Material shown Block Start

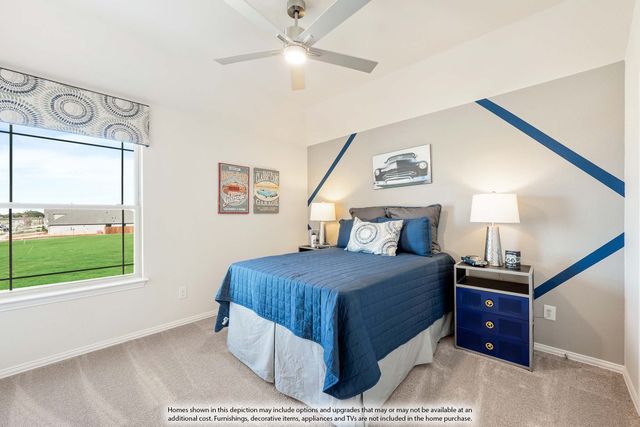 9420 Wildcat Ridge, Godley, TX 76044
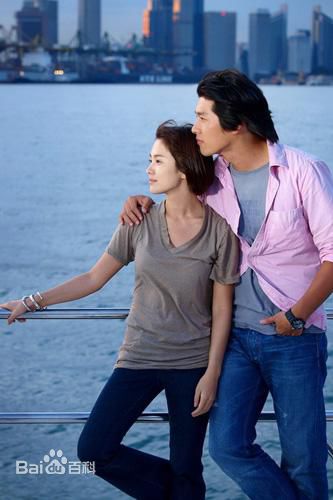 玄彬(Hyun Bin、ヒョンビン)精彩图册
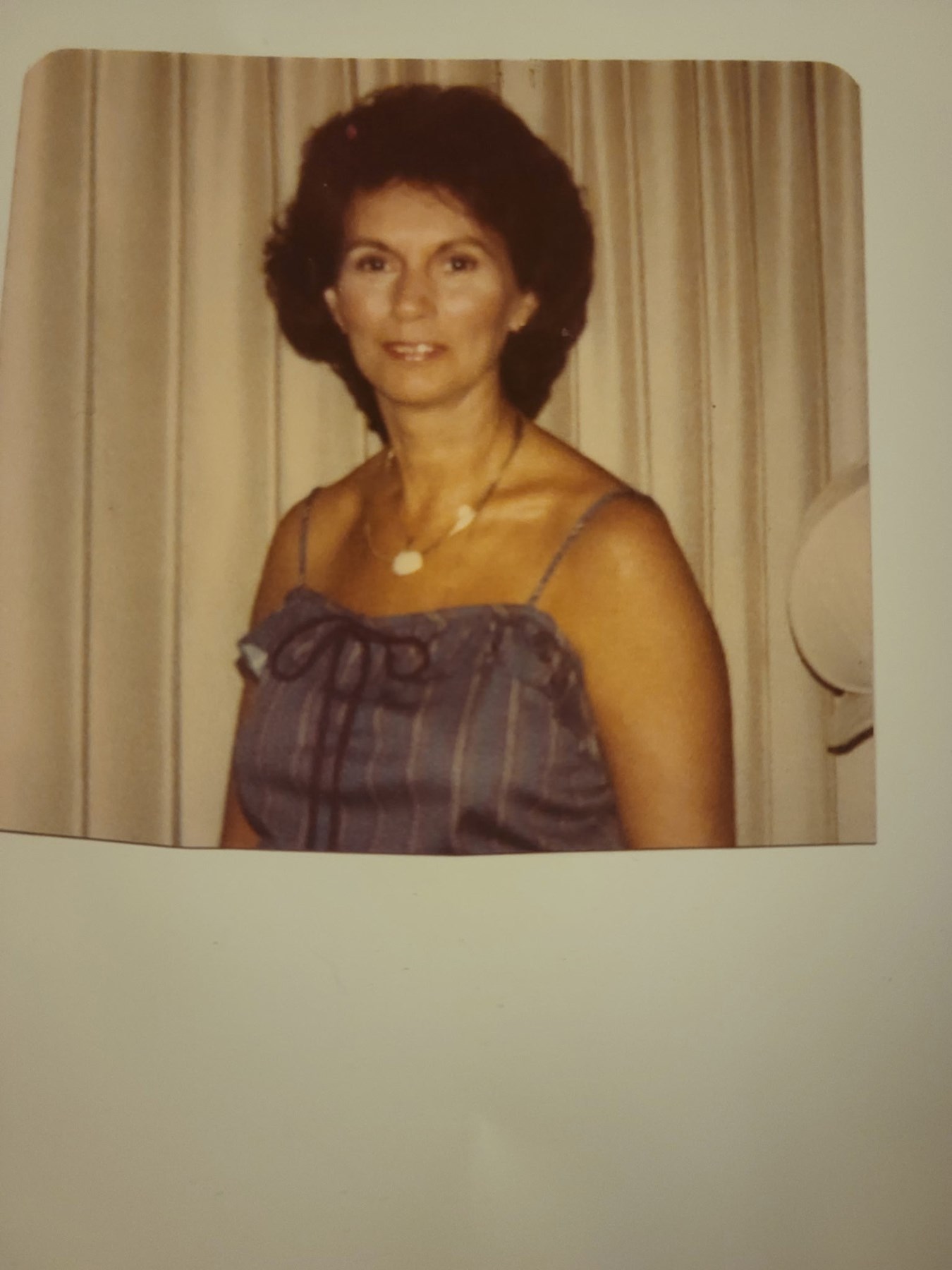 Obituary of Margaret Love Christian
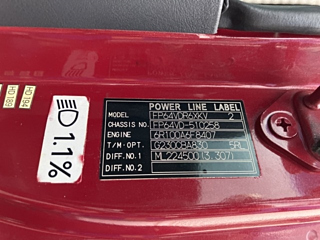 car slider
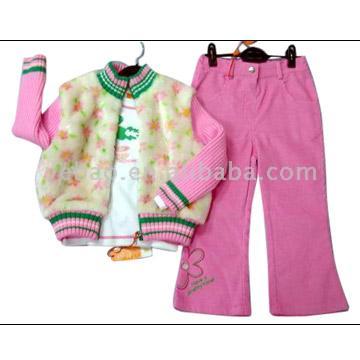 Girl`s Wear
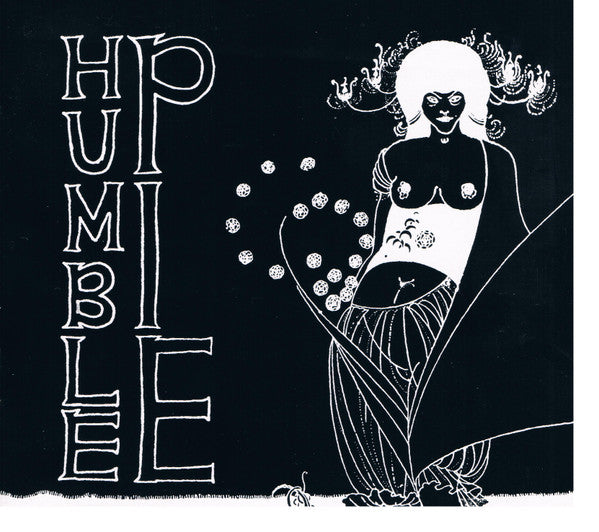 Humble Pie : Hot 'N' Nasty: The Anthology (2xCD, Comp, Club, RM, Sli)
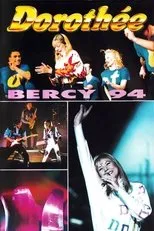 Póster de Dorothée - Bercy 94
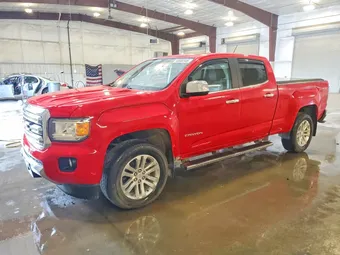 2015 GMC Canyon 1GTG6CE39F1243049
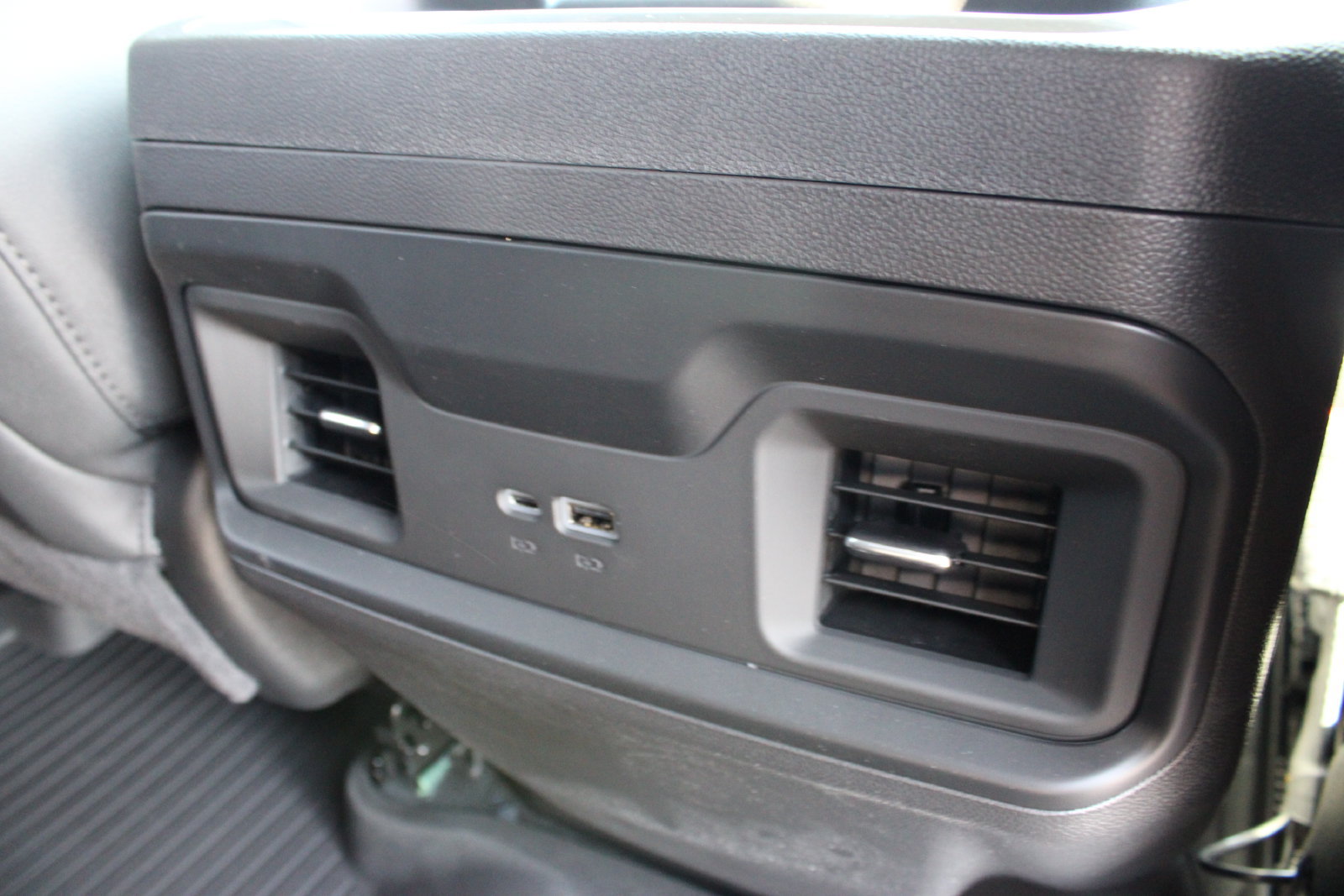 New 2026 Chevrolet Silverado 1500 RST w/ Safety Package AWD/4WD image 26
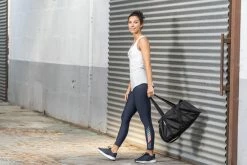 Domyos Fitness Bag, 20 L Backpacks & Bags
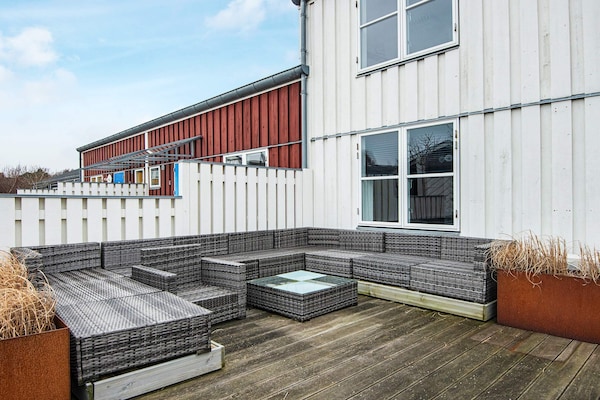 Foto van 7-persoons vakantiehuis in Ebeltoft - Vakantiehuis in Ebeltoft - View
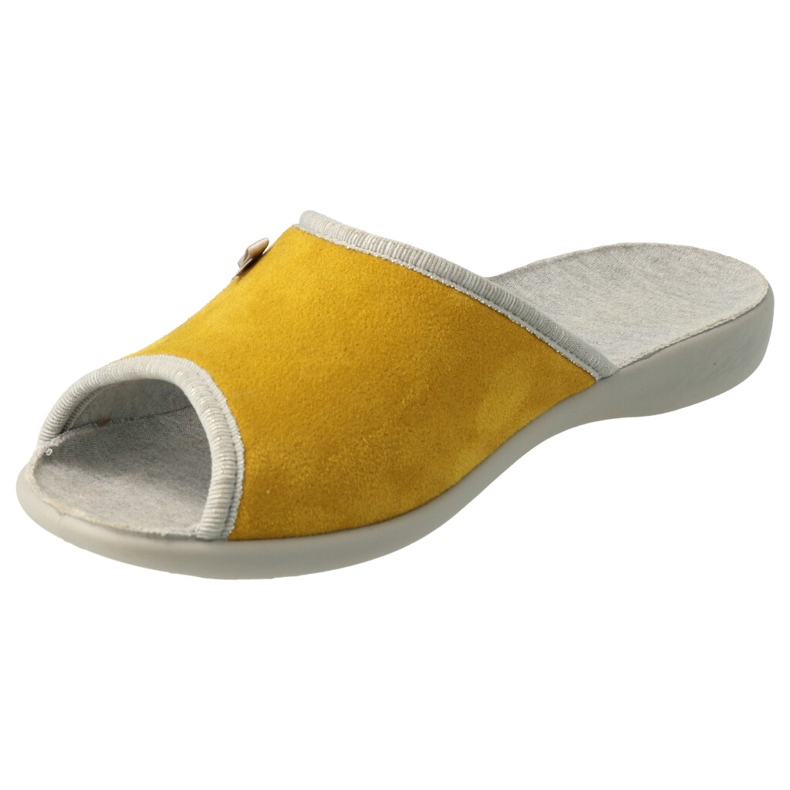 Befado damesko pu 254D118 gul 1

Material shown Block End

• [Action item] Give back the entries verbatim. Do not include any picture.

• [Task solution]
 9420 Wildcat Ridge, Godley, TX 76044
 玄彬(Hyun Bin、ヒョンビン)精彩图册
 Obituary of Margaret Love Christian
 car slider
 Girl`s Wear
 Humble Pie : Hot 'N' Nasty: The Anthology (2xCD, Comp, Club, RM, Sli)
 Póster de Dorothée - Bercy 94
 2015 GMC Canyon 1GTG6CE39F1243049
 New 2026 Chevrolet Silverado 1500 RST w/ Safety Package AWD/4WD image 26
 Domyos Fitness Bag, 20 L Backpacks & Bags
 Foto van 7-persoons vakantiehuis in Ebeltoft - Vakantiehuis in Ebeltoft - View
 Befado damesko pu 254D118 gul 1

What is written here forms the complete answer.